Rain Perry is releasing her new record "A White Album" this week and to celebrate, she tells us about the inspiration for the album's first single "The Money." Here is the story:
I'm happy we chose this song as the first single for A White Album, because it's about a topic that was my introduction to why we're still struggling in this country with inequality. A while ago, I had a conversation with a teacher friend in Oakland about redlining, which was a policy of enforced segregation of neighborhoods by the Federal Housing Administration in the post WWII era.

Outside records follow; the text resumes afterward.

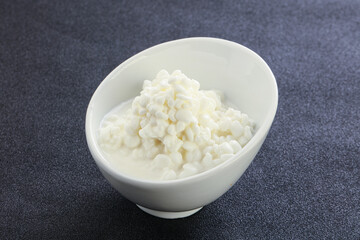 Dietary granulated cottage cheese for breakfast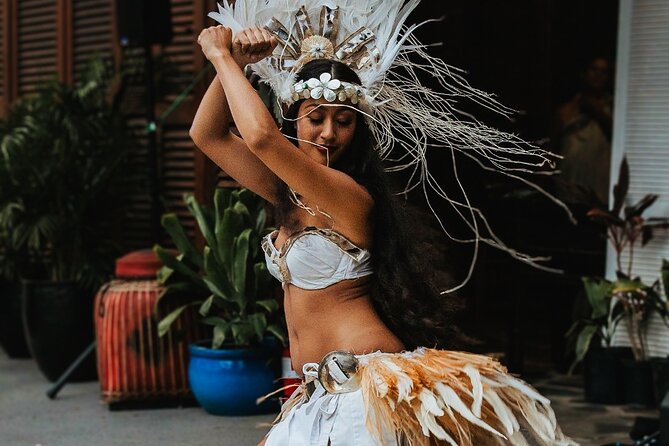 Maui Hula Show: Hula and Fire Dancing at South Maui Gardens - South Maui Gardens Sets the Mood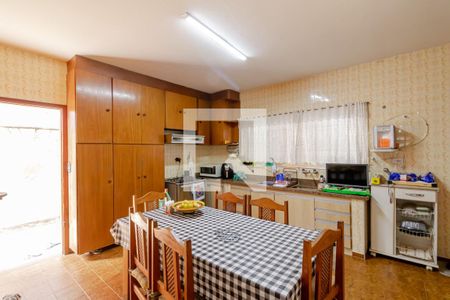 Casa à venda com 400m², 3 quartos e 8 vagasCozinha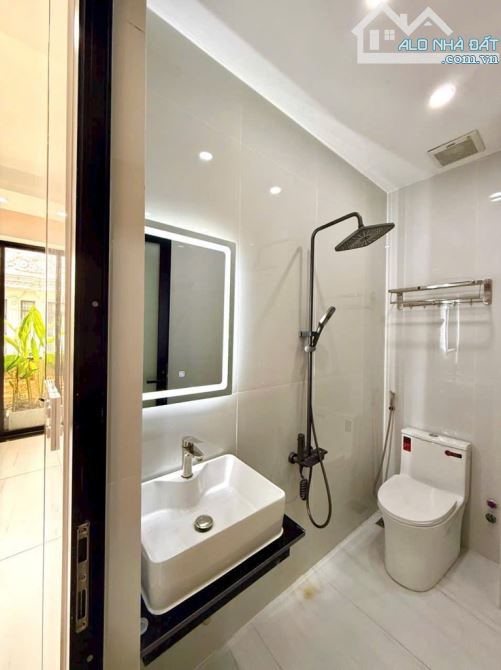 BÌNH TÂN TP.HCM - 4Mx15M - 4 TẦNG ĐẸP LUNG LINH - HẺM 6M . - 9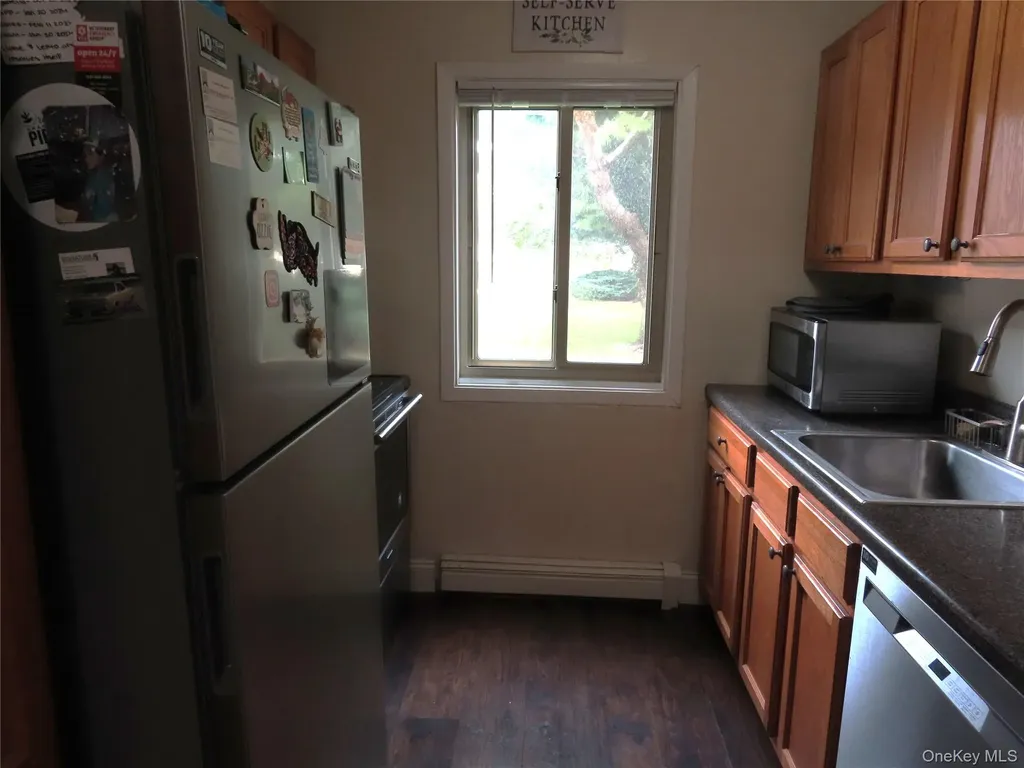 2449 (B) #16 A Union Boulevard Islip NY 11751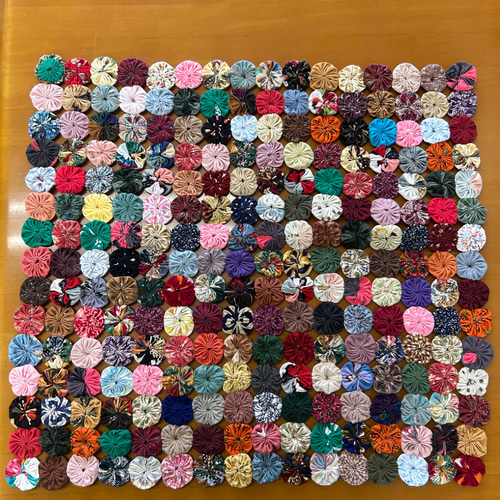 送料無料】ヨーヨーキルト 15段×16段 その他インテリア雑貨 ちゃちゃ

I had no idea. I thought segregation only happened in the Jim Crow South. I knew about restrictive covenants - the paragraph in the deeds of many homes that says, "only white people can ever buy this house, forever." Those were outlawed years ago. But until she laid it out to me, I didn't understand how redlining shut non-white families out of wealth for generations, in a way that's very difficult to ever overcome.
So when I was working on this album, I found myself attempting to write a song on the topic and weirdly ended up with a snappy little ditty with three vocal parts (that I now see was definitely inspired by "Silly Love Songs").
Also, I'm a huge fan of Finding Your Roots on PBS. It's partly because it's fascinating learning about people's family histories, and the researchers on that show are amazing. They'll not only find a ship's passenger manifest with someone's grandmother's name on it, but a photograph of the actual ship leaving Hamburg or Southampton. But that show is subversive. Few white people in America can go very far up their family trees without encountering something grim in our national history, whether it's that our direct ancestors enslaved people, or settled land that was cleared by genocide, or simply benefitted financially from a racial hierarchy.
It's hard to look at this stuff, but I am an optimist. I believe we white people are capable of taking a clear-eyed look at our country's fraught past and present, and I think we have to if we are ever to move forward as a nation. So A White Album is my attempt to give it a try.